User-defined functions (UDFs) are custom functions created by users to perform specific operations in PostgreSQL. Unlike built-in functions, UDFs are developed based on individual requirements and are particularly useful for repetitive tasks or operations unique to a given workload. UDFs can be written in various languages, with PL/pgSQL (PostgreSQL’s procedural language) being one of the most common, alongside PL/Python, PL/Perl, and others.
PostgreSQL offers four types of functions:
SQL functions: functions written directly in SQL
Procedural language functions: functions written in languages like PL/pgSQL or PL/Tcl
Internal functions: built-in functions provided by PostgreSQL
C-language functions: functions written in C for advanced performance and customization
Let’s examine them.
In PostgreSQL, SQL functions are user-defined functions written using standard SQL syntax. They perform operations such as calculations, data manipulation, and retrieval and are helpful for creating reusable code blocks within the database. SQL functions are typically used for relatively simple operations because they are interpreted directly by the PostgreSQL SQL engine, making them fast and efficient.
Suppose you have a sales table and want to calculate the total sales amount for a specific year and month. To achieve this, you can create an SQL function like the one below:
CREATE FUNCTION monthly_sales(year INT, month INT)
RETURNS NUMERIC AS $$
SELECT SUM(amount)
FROM sales
WHERE EXTRACT(YEAR FROM sale_date) = year
AND EXTRACT(MONTH FROM sale_date) = month;
$$ LANGUAGE SQL;
To call the monthly_sales
function with the year 2024 and month 01, you would use the following SQL statement:
SELECT monthly_sales(2024, 01);
PostgreSQL allows you to write user-defined functions in various languages beyond SQL.

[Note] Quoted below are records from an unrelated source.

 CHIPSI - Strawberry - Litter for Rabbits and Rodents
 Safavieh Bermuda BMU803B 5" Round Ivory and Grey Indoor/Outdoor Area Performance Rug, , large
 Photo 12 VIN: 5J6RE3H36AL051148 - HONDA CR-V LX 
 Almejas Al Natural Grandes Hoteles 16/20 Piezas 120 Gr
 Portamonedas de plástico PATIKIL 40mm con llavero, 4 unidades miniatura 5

These are known as procedural languages (PLs).
When you create a function in a procedural language, PostgreSQL doesn't directly understand it. Instead, it uses a special handler to interpret and execute the function's code. This handler acts as a translator, either managing all aspects of the function, such as parsing and execution, or serving as a bridge between PostgreSQL and an external programming language.
For example, if you create a function in PL/Python, PostgreSQL will use the PL/Python handler to interpret and execute the Python code. The handler acts as a bridge, loading the necessary components to run Python code within the database environment.

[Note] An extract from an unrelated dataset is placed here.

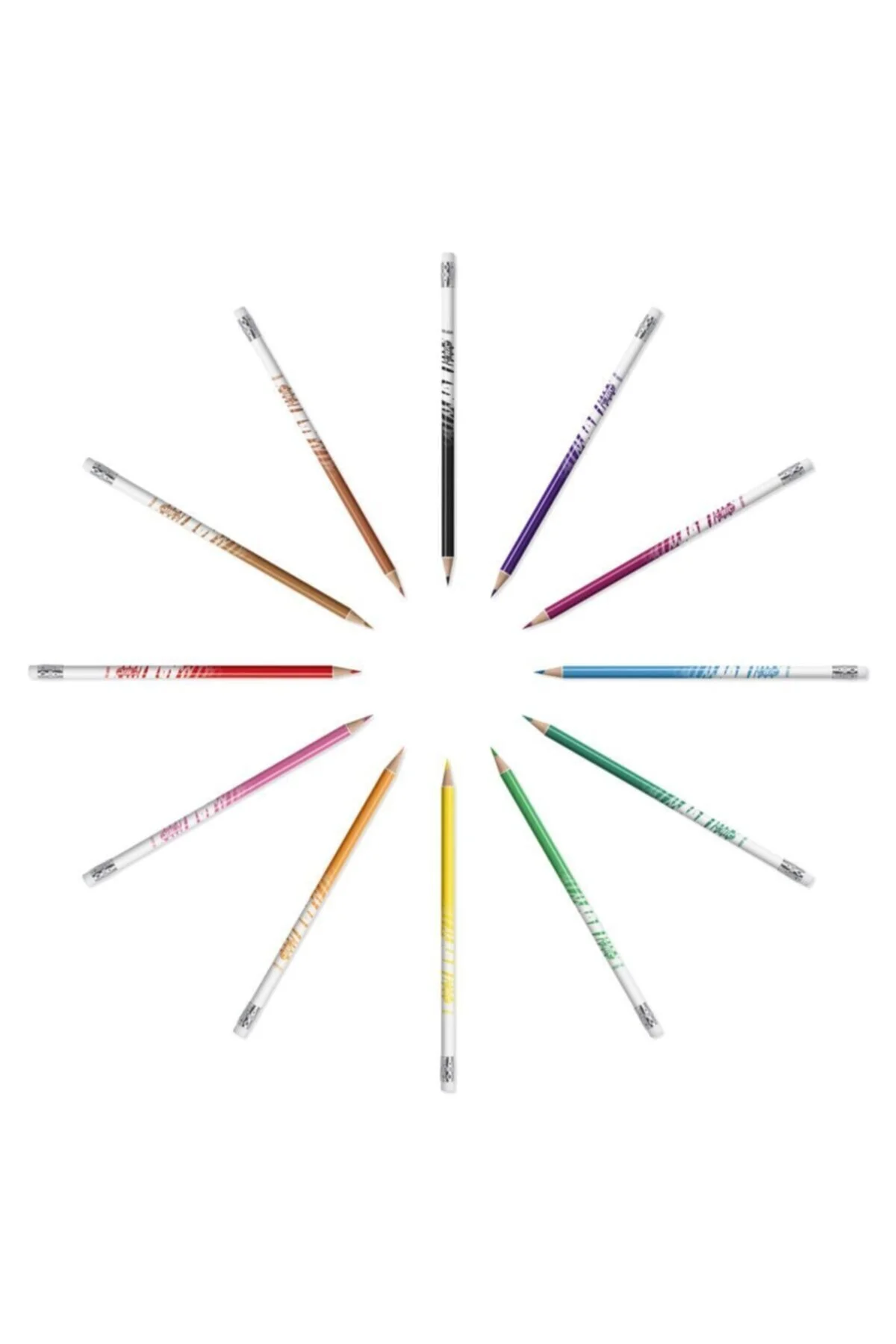 Bic Evolution Illusion Erasable Color Pen 12 Colors 3086123570894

Currently, PostgreSQL mainly offers four procedural languages as part of its standard distribution:
PL/pgSQL
PL/Tcl
PL/Perl, and
PL/Python
The handlers for these languages enable PostgreSQL to execute code written in these external languages by translating function calls and managing execution through the respective language's runtime environment.
Handlers are implemented as C functions that are compiled and loaded into the PostgreSQL server dynamically whenever a function in a procedural language is called. This setup enables PostgreSQL to expand its capabilities by supporting additional programming languages.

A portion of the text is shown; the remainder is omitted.